Der hat kein integriertes Modem, richtig? Sprich, du nutzt ein externes Modem für die PPPoE-Verbindung ins Internet. Dennoch verstehe ich den Aufbau nicht. Denn dann bräuchtest du dennoch ein Kabel bis zum Splitter (bzw. TAE), also eine Verbindung zw. Modem und NIC#1 im Server.

_Nein, ich kann nicht einfach alle Rechner an den einen Router hängen, da ich das ganze auf WLAN aus Platzmagel umgestellt habe.
Also Server---Internet muss WLAN sein.
Server---Gamer PC : Kabel_
Server ---Internet kann doch kein WLAN sein, wenn du den Server zum Einwählen ins WWW nutzt.
Server ---GamerPC kannst du übrigens auch mit einem Straight-Through-Kabel verbinden, da die Erkennung automatisch abläuft. Ein Cross-Kabel ist nicht unbedingt notwendig.

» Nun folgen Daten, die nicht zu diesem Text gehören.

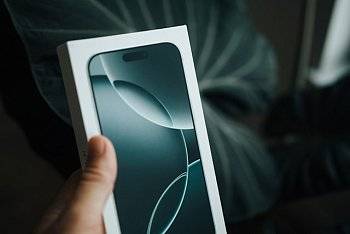 iPhone 17 Air — подробности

_Da Server und Client (das is der Gamer PC) fast nebeneinander stehen, brauchen die beiden kein WLAN zur Kommunikation. also Kabel rein und losgehts, so hatte ich mir das erhofft. xD
Der Server hat, wenn ich die Antenne mal richtig ausrichten würde, einen sehr guten Empfang, da sehr gute Antennen verbaut._
Dann hat dein "Gamer-PC" also ebenfalls 2 Netzwerkadapter?!

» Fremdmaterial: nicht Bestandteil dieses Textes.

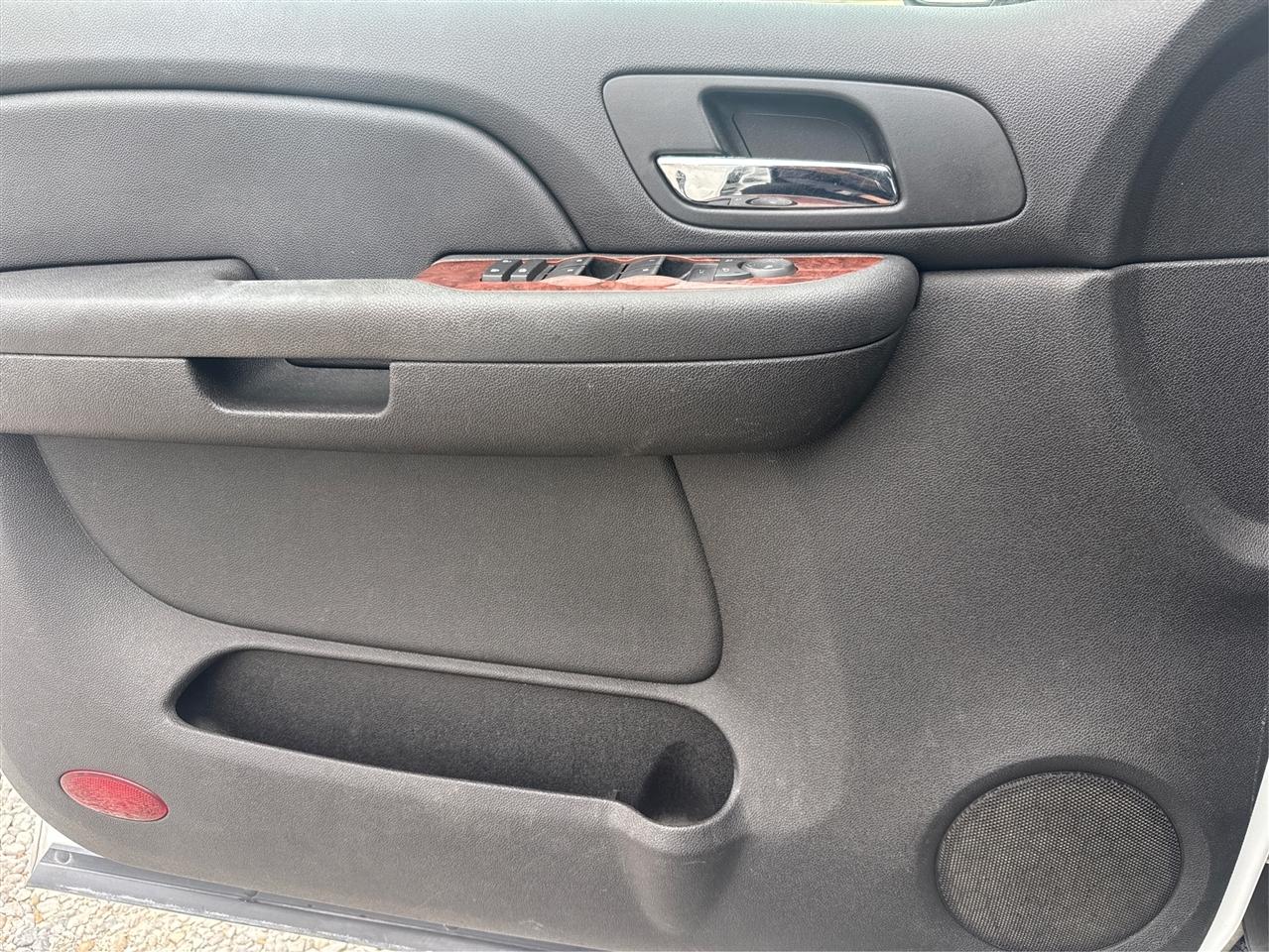 Chevrolet Tahoe LT1 2WD 2007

Alles in allem ein sehr wirrer Plan.


----------



## FatalMistake (12. Oktober 2008)

http://extreme.pcgameshardware.de/attachment.php?attachmentid=39447&stc=1&d=1223846185

grad gezeichnet^^ vlt. verstehst dus jetzt.
ach ja: das modem is ein alcatel speedtouch 510; internetanschluss: aonspeed (telekom Austria)
ne wieso soll der gamer auch 2 haben? der soll ja alles über den server bekommen. internet+dateien+drucker.
server und client(gamerpc) mit einem (!) LAN kabel verbinden, am  server internet vb, dateien drucker etc. freigeben....

wennst willst, kann ich morgen ja mal ei bild vom router+ modem+splitter hochladen! bzw. meinen ganzen koponenten, die da dann involviert wären!

wenn nicht, ich bin morgen den ganzen tag da^^ jetzt geh ich mal pennen....^^

cya & schönen abend noch!
FatalMistake


----------



## uuodan (12. Oktober 2008)

Was du machen willst, erfordert eine Netzwerkbrücke. Was mir allerdings nicht in den Kopf will ist die Geschichte mit dem Internetverbindungsaufbau per Server. Wie willst du das bewerkstelligen? Ist der Router auf PassThrough gestellt? Du bräuchtest doch eine Wählverbindung, die per WLAN initiiert wird. Das klingt für mich alles andere als optimal.

Meine uralt-Konfiguration war damals ähnlich:
- Server, 2x100/1000MBit
- 1 Netz (also NIC) zw. meinem Desktop PC und dem Server
- 1 NIC als WAN-Verbindung f. PPPoe-Aufbau (verbunden mit Modem)

Der Server stellte über DFÜ (Wählverbindung) die Internetverbindung her. Diese wurde "gebrückt", damit ich von meinem Rechner (192.168.10.2) über die Schnittstelle des Servers (192.168.10.1) schließlich eine Verbindung ins WWW aufbauen konnte. Alles in allem war diese Art des Client-Server-Arbeitens eher suboptimal.


----------



## FatalMistake (13. Oktober 2008)

ja genau so hatte ich das auch damals!! Auch das Modem direkt am Server. da ich es aus Platzgründen nicht mehr so haben kann, hab ich das Modem in den Flur verbannt, einen WLAN-Router dazugeklemmt, und jetzt läuft das Internet eben übere WLAN.
WLAN ist ja das gleiche wie LAN, nur ohne Kabel! hehe ein WLAN-Kabel!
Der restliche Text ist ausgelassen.